Homeric Hymn to Demeter 261

As I note in the Homeric Hymn to Demeter 259-267, the goddess Demeter foretells the tīmē aphthitos, ‘unwilting honor’ (verses 261, 263), of a seasonally-recurring athletic event that the hero Dēmophōn will receive as a compensation for his death (verses 265-267). Similarly in the Iliad, the goddess Thetis foretells the kleos aphthiton, ‘unwilting glory’ (9.413), that the hero Achilles will receive as a compensation for his own death:

|410 My mother Thetis, goddess with silver steps, tells me that |411 I carry the burden of two different fated ways [kēres] leading to the final moment [telos] of death. |412 If I stay here and fight at the walls of the city of the Trojans, |413 then my safe homecoming [nostos] will be destroyed for me, but I will have a glory [kleos] that is unwilting [aphthiton]. |414 Whereas if I go back home, returning to the dear land of my forefathers, |415 then it is my glory [kleos], genuine [esthlon] as it is, that will be destroyed for me, but my life force [aiōn] will then |416 last me a long time, and the final moment [telos] of death will not be swift in catching up with me.

Iliad 9.410-416

The parallelisms in the wording that we see in these two passages highlight the parallelisms between Dēmophōn and Achilles as heroes who are linked with festivals.
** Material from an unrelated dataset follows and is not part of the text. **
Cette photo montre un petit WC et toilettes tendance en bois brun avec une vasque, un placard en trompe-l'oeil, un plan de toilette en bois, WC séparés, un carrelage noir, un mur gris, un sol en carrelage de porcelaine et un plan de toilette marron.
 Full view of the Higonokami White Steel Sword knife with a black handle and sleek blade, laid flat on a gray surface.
Just as the tīmē, ‘honor’, of the hero Dēmophōn takes the form of a seasonally recurring athletic event that is aphthitos, ‘unwilting’ (Hymn to Demeter 261, 263), because it will last forever, eternally recycled at the festival of the Eleusinian Games, so also the kleos, ‘glory’, of the hero Achilles takes the form of a seasonally recurring poetic event that is aphthiton, ‘unwilting’ (Iliad 9.413), because it too will last forever, eternally recycled in the context of a festival like the Panathenaia.